• [Data for the task]
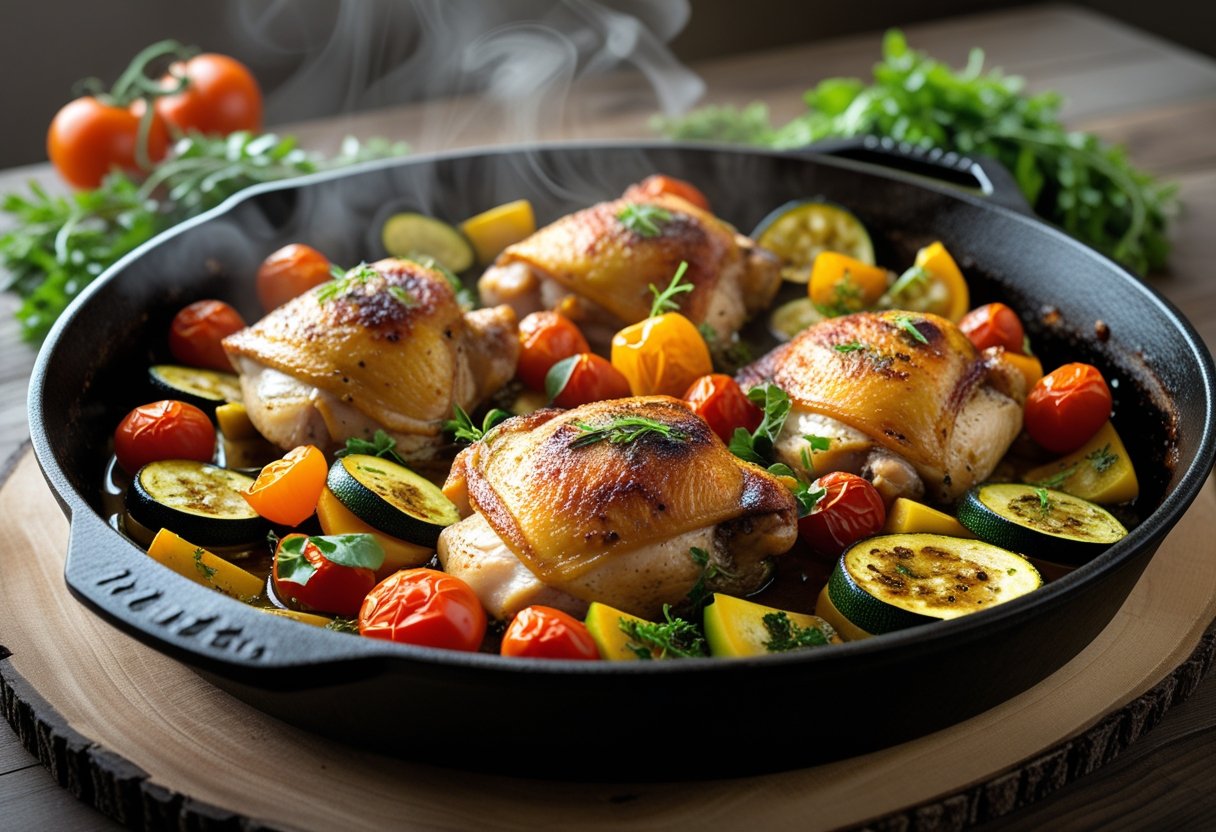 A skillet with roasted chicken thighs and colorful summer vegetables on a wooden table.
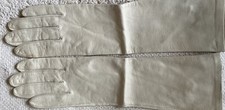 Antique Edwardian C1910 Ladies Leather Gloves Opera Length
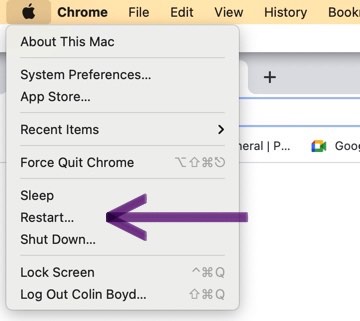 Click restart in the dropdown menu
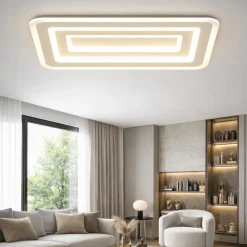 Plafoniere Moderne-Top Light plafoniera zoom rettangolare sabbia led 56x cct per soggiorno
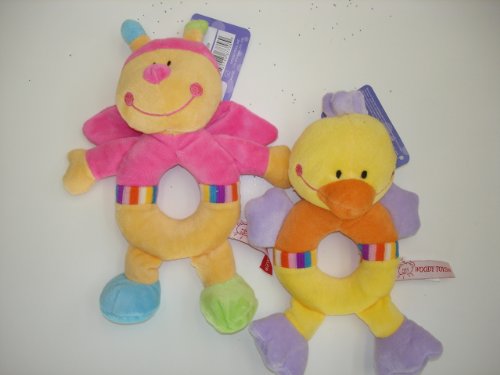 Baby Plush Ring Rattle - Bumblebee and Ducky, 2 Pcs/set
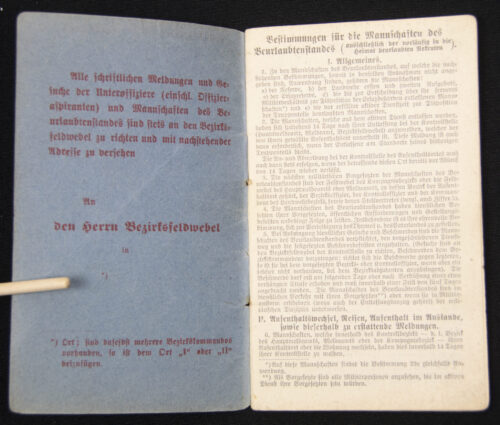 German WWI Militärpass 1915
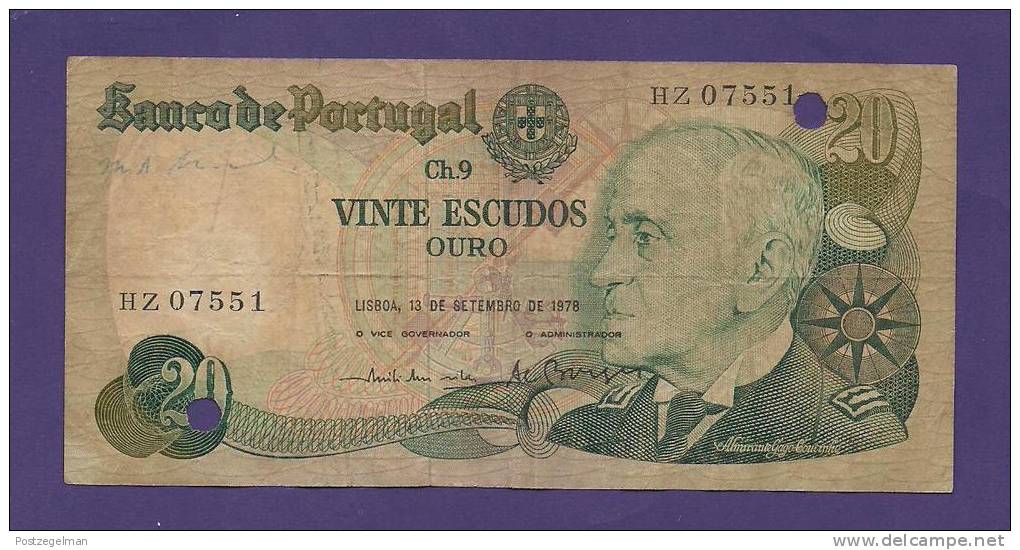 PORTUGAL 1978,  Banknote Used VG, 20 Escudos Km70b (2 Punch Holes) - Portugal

• [Directions] Give back the lines from the one containing "Click restart in the dropdown menu" through the last line of the records above exactly as they appear, both included, and no pictures.

• [Completed task]
 Click restart in the dropdown menu
 Plafoniere Moderne-Top Light plafoniera zoom rettangolare sabbia led 56x cct per soggiorno
 Baby Plush Ring Rattle - Bumblebee and Ducky, 2 Pcs/set
 German WWI Militärpass 1915
 PORTUGAL 1978,  Banknote Used VG, 20 Escudos Km70b (2 Punch Holes) - Portugal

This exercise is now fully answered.